Ever since motley militias from the Tigray clan were deployed in Ogaden five months ago, new forms of inhumane treatment of the Ogaden Somali civilian population surfaced. Kidnappings of innocent civilians by these militias, from far away towns and hamlets have become the norm.

Extrajudicial killings with the use of severe torture as an instrument and strangulation with iron chains as the method have become the modus operandi of these poorly trained, and illiterate soldiers from Tigray. Knowing full well how sacrosanct the immediate burial of a dead person is to the culture of the Ogaden civilians, these militias have lately adopted the public display of corpses.

To add insult to injury, they, militias, have barred people from burying the dead. It appears that these militias have been instructed to not only kill loved ones but also to humiliate those whose loved ones were killed under inhumane circumstances.
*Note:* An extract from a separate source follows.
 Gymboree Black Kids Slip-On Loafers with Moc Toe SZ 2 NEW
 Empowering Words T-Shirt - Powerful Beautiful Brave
It is becoming quite evident that the objective of these public humiliations of displaying and the barring of burial of the dead civilians is to provoke a reaction from the civilian population.

It is also a way of reminding the public how helpless they are in according the corpse of their loved ones a proper burial. Many of the corpses found so far show severe signs of torture. Some even have remnants of the instruments used in their torture and eventual death still present in their bodies.

This shows that whoever killed these innocent civilians appears so cocky that he or she is confident that there will be no repercussions for the death of these innocent civilians. As if denying people the right to bury their dead was not enough of humiliation, the militias have lately been seen throwing away the bodies of those who died under their illegal detentions.

Some of the dead civilians’ bodies were found floating in the rivers, tributaries or laying in the bush with missing body parts. Treating the civilians in the manner these militias have been operating so far is not only inhumane but is also against all the Geneva convention articles. In particular, the kind of treatment so far observed in Ogaden is against Convention (IV) relative to the Protection of Civilian Persons in Time of War. Geneva, 12 August 1949.

Ethiopia is a signatory to the Geneva convention. Meles Zenawi, the current ‘prime minister’, and his minions should be prosecuted as war criminals under the convention. International human rights organizations should not only investigate but also should document these atrocities carried out in Ogaden in broad daylight.

Those who perpetrated and those who ordered the introduction of these inhumane treatments and killings of innocent civilians must be brought to justice. The sooner the world puts these barbaric treatments to a stop, the better for civilians in Ogaden. The world should not watch another Rwanda in the making in Ogaden.